Opinión

España, España

Ver a los dos símbolos más potentes de España, que son La Roja y el Rey, unidos y felices en torno a una copa de metal largamente ansiada tampoco debió de ser fácil para los nacionalistas

  • La dupla Lamine Yamal y Nico Williams con las medallas que les acreditan campeones de Europa durante la celebración de la victoria ante Inglaterra -

“Hoy, hasta los catalanes vamos con España”, me chinchaba mi hermanita Teresa el pasado domingo, 14 de julio, horas antes de El Partido por antonomasia. “No todos, no todos”, le chinchaba yo a ella. Todo esto por el ‘guasap’, claro. Nos reíamos pero era verdad, había que estar ciego para no verlo.
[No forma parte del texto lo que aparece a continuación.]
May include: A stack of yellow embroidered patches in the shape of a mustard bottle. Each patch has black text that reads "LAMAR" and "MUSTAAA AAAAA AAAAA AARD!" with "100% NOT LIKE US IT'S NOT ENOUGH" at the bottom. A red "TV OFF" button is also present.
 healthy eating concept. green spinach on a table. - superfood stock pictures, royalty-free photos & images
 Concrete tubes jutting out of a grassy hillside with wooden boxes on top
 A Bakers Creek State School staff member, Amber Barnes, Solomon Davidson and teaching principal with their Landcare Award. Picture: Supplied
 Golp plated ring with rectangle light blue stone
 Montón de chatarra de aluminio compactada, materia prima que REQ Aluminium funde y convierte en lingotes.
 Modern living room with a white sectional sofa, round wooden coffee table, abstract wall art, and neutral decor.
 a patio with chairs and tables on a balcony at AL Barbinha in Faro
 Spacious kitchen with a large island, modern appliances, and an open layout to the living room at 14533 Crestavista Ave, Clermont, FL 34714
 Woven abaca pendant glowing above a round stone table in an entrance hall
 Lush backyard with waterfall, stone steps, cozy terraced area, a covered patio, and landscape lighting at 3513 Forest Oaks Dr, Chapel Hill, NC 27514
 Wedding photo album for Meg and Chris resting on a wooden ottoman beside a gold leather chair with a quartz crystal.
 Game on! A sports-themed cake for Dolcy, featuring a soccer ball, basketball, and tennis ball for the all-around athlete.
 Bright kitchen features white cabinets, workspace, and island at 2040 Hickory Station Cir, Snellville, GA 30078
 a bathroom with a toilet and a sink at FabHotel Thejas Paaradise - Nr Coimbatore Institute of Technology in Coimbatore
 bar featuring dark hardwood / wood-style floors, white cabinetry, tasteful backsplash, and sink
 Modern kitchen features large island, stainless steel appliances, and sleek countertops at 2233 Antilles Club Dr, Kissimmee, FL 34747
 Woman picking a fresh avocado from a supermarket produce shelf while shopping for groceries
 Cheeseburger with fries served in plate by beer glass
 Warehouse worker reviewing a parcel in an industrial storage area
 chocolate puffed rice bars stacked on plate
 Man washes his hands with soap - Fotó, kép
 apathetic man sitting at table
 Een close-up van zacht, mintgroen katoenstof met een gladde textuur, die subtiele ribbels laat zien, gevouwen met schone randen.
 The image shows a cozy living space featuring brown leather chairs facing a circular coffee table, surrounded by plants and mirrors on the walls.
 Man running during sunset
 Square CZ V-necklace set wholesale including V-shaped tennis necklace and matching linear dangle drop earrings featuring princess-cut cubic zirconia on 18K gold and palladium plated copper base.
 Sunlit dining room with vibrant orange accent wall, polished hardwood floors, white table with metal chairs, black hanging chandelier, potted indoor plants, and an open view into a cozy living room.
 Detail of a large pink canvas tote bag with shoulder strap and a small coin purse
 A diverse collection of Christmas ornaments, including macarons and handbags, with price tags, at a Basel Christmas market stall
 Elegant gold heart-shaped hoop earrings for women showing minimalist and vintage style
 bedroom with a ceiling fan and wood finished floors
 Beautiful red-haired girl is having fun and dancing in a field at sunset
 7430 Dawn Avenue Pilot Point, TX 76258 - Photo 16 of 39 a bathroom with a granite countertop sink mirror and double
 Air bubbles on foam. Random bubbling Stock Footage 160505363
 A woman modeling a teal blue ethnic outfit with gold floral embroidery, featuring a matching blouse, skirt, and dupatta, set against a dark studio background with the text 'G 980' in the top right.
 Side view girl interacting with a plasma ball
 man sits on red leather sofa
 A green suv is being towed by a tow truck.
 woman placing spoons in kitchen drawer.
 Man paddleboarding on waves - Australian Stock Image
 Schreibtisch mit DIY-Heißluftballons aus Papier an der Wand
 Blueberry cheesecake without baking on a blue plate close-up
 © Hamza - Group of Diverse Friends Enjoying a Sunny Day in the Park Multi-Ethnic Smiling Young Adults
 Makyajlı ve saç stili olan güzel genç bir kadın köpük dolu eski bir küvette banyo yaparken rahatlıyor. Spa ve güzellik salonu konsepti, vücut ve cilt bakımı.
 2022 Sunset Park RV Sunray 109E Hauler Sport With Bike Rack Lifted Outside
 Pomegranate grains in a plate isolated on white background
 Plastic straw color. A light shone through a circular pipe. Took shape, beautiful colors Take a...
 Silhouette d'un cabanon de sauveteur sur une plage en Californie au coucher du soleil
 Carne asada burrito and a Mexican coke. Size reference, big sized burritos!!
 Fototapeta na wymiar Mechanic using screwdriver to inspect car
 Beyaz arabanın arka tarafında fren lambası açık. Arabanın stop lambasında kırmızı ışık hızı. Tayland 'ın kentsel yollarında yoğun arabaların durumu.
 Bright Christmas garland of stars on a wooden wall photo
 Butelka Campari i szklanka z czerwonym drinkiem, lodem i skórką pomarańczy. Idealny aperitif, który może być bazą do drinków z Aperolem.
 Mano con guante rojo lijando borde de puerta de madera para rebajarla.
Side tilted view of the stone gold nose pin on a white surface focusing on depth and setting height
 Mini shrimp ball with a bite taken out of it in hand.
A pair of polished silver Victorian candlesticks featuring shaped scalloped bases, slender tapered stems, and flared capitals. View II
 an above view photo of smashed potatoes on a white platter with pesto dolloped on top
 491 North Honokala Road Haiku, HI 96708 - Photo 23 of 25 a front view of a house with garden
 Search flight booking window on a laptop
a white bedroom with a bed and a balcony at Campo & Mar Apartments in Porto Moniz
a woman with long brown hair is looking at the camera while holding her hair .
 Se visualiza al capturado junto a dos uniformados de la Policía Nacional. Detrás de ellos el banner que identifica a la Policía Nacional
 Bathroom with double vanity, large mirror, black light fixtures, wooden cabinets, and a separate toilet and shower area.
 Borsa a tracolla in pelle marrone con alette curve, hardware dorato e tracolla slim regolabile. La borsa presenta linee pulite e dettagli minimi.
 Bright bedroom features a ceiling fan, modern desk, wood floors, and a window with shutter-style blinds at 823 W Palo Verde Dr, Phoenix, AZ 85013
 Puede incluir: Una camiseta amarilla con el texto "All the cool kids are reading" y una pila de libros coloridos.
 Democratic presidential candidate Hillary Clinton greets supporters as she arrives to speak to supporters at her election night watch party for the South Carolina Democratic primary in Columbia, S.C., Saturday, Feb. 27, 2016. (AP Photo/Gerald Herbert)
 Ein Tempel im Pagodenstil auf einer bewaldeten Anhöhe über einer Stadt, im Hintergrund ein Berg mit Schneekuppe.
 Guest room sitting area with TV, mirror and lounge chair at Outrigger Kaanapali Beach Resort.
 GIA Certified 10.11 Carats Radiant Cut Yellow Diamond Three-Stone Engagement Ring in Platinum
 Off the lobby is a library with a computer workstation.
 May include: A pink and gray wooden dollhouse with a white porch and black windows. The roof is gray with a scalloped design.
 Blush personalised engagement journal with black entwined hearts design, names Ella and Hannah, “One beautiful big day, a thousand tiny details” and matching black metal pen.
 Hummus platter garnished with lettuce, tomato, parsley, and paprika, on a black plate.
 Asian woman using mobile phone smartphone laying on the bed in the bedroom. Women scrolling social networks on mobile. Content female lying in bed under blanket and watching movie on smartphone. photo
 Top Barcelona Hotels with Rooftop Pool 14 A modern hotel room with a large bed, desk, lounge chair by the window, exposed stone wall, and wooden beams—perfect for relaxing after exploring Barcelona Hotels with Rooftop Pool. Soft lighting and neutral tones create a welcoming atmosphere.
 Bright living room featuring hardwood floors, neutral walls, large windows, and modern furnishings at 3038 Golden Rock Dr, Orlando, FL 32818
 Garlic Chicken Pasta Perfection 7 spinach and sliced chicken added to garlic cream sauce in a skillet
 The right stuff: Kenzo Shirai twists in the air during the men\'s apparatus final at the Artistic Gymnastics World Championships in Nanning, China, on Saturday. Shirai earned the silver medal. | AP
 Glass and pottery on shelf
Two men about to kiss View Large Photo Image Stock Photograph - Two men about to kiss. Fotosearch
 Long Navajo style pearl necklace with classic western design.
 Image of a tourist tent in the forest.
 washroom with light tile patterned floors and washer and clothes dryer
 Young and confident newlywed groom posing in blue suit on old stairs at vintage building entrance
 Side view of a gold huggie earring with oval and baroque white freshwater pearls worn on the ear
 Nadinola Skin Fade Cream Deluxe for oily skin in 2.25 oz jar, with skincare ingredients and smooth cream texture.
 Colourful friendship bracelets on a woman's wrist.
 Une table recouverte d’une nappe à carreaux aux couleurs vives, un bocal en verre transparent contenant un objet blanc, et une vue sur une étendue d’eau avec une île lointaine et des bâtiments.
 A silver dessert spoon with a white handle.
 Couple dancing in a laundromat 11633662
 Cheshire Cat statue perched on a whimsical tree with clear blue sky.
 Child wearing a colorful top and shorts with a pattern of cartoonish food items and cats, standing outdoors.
Ese día, el de la victoria de Carlitos Alcaraz (¡por segundo año consecutivo!) sobre la hierba sagrada de Wimbledon, y el del triunfo de la selección española de fútbol, en Berlín, sobre Inglaterra, se produjo un fenómeno que ya habíamos visto más veces, pero muy pocas con tanta intensidad: el del orgullo de ser españoles, de pertenecer a una nación capaz de parir chavales capaces de producir semejante éxtasis colectivo de felicidad.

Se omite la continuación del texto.